Whether that is “fair” or not obviously depends on your definition of “fairness.”   In my opinion, this is not in the least fair.  And in an ironic twist, this new unfair tax on taxes paid really isn’t the fault of the rulers in those high tax states.  It is the product of the lunacy of the GOP Congress Critters who slapped together the crazy quilt called TCJA. I have no idea how involved President Trump was in the design of the details of TCJA, so I don’t know how much of this mess can be blamed on him.        

 

The Marriage Penalty
With all of the discussions about TCJA, which will never end, considering how insane and convoluted a piece of legislation it was, I haven’t seen anyone mention its effect on the “Marriage Penalty” that is built into the income tax system in our country. The fact that there are several provisions in the tax code that force married couples to pay more income taxes than would be the case if they were able to file as two single people, has been around since well before I started in the tax preparation profession back in 1975.  It has occasionally been addressed and somewhat reduced on a few occasions over the past decades.

However, when I was reviewing the details of TCJA back in December 2017, I couldn’t help but notice that most of the many new complicated limitations and phase-outs had exacerbated the penalty for married couples.  For example, the SALT limit is $10,000 for a couple filing jointly (MFJ) and also $10,000 for a Single taxpayer.  Thus, two single persons could deduct a total of $20,000 in SALT.  As has long been the case, it’s not possible for married couples to get around this by filing separate returns (MFS) because that filing status has several penalties built into it.  In this case, each spouse would only be able to deduct $5,000 of SALT on their 1040.
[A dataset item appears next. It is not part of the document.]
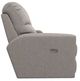 La-Z-Boy® Hawthorn Stone Power Reclining Loveseat with Console, Headrest, and Lumbar-2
There are dozens of examples of this marriage penalty in our Tax Code.  Another example that has been around forever is the deductibility of capital losses against other kinds of income.  The limit is $3,000 on an MFJ 1040, $3,000 on a Single 1040 and just $1,500 on an MFS 1040.  TCJA has added a ton of new phase-outs for various credits and deductions that are based on the tax return’s Adjusted Gross Income (AGI).  In many of those cases, the MFJ phase-out limits are well below double the amounts for Single taxpayers.  Two single returns would have a much higher combined AGI limit before losing their eligibility for those credits and deductions than they would have on a MFJ return.  I admit that each of these Marriage Penalty items doesn’t increase the tax bill by a huge amount on its own.  However, all of them combined frequently add up to several thousands of dollars in extra taxes compared to the same income spread across two Single 1040s.
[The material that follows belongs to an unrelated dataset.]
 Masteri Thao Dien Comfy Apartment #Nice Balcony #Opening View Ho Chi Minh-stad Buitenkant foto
Back in the 1970s, 80, and 90s, I had done a lot of work with clients involving marriages and divorces in order to minimize the marriage penalties on their tax returns.  Before the big change to the Section 121 exclusion of gains on primary residence sales, which widened the exclusion from just $125,000 per person or per married couple to $250,000 per person and $500,000 per married couple, that one issue was the incentive for a lot of tax divorces in order to qualify for double the exclusion, $250,000 per couple versus $125,000.  In recent months, I have actually been contacted by some clients who have already noticed the TCJA increase in their marriage tax penalties and have inquired about the pros and cons of getting divorced for tax saving purposes.  Tax pros should be ready to help their clients analyze this aspect of tax planning because there is slim to zero chance of our rulers in DC doing the right thing and eliminating the Marriage Penalty in the Tax Code.